3  Faster Package Installs

You may have noticed that when installing packages in the notebook it can take a while. It could be minutes, hours in extreme cases, to install the suite of packages your project requires. This is especially tedious if you need to do this every time a job runs, or each morning when your cluster is started.

Clusters are ephemeral and by default have no persistent storage, therefore installed packages will not be available on restart.

By default Databricks installs packages from CRAN. CRAN does not provide pre-compiled binaries for Linux (Databricks clusters’ underlying virtual machines are Linux, Ubuntu specifically).

Posit to save the day! Posit provides a public package manager that has all packages from CRAN (and Bioconductor!). There is a helpful wizard to get started.

With our new found knowledge we can make installing R packages within Databricks significantly faster. There are multiple ways to solve this, each differing slightly, but fundamentally the same.

3.1 Setting Repo within Notebook

The quickest method is to follow the wizard and adjust the repos option:

# set the user agent string otherwise pre-compiled binarys aren't used
# e.g. selecting Ubuntu 22.04 in wizard 
options(
1  HTTPUserAgent = sprintf("R/%s R (%s)", getRversion(), paste(getRversion(), R.version["platform"], R.version["arch"], R.version["os"])),
  repos = "https://packagemanager.posit.co/cran/__linux__/jammy/latest"
)

This works well but not all versions of the Databricks Runtime use the same version of Ubuntu.

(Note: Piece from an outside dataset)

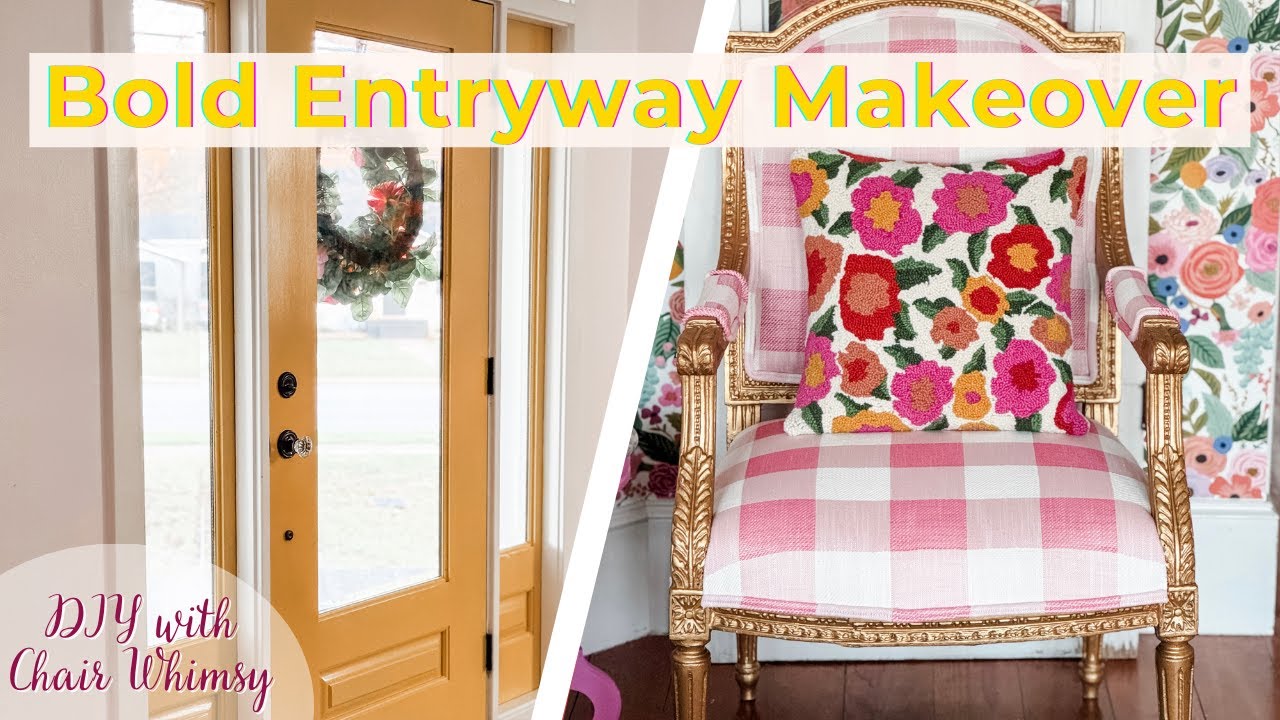 Entryway Makeover | How I Used Wallpaper, Fabrics & Paint for a Bold Look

It’s easier to detect the Ubuntu release code name dynamically:

1release <- system("lsb_release -c --short", intern = T)

# set the user agent string otherwise pre-compiled binarys aren't used
options(
  HTTPUserAgent = sprintf("R/%s R (%s)", getRversion(), paste(getRversion(), R.version["platform"], R.version["arch"], R.version["os"])),
  repos = paste0("https://packagemanager.posit.co/cran/__linux__/", release, "/latest")
)
1
system is used to run the command to retrieve the release code name

The downside of this method is that it requires every notebook to adjust the repos and HTTPUserAgent options.

3.2 Cluster Environment Variable & Init Script

Databricks clusters allow specification of environment variables, there is a specific variable (DATABRICKS_DEFAULT_R_REPOS) that can be set to adjust the default repository for the entire cluster.

You can again refer to the wizard, the environment variables section of cluster should be:

DATABRICKS_DEFAULT_R_REPOS=<posit-package-manager-url-goes-here>

Unfortunately this isn’t as dynamic as the first option and you still need to set the HTTPUserAgent in Rprofile.site via an init script.

The init script will be:

#!/bin/bash
# Append changes to Rprofile.site
cat <<EOF >> "/etc/R/Rprofile.site"
options(
  HTTPUserAgent = sprintf("R/%s R (%s)", getRversion(), paste(getRversion(), R.version["platform"], R.version["arch"], R.version["os"]))
)
EOF
Important

Due to how Databricks starts up the R shell for notebook sessions it’s not straightforward to adjust the repos option in an init script alone.

DATABRICKS_DEFAULT_R_REPOS is referenced as part of the startup process after Rprofile.site is executed and will override any earlier attempt to adjust repos.

Therefore you’ll need to use both the init script and the environment variable configuration.

3.3 Setting Repo for Cluster Library

Note

Similar to setting DATABRICKS_DEFAULT_R_REPOS this requires the HTTPUserAgent also to be set and it’s unlikely to be helpful other than for it’s purpose of installing a package to make it available for all cluster users.

Cluster libraries can install R packages and support specification of the repository.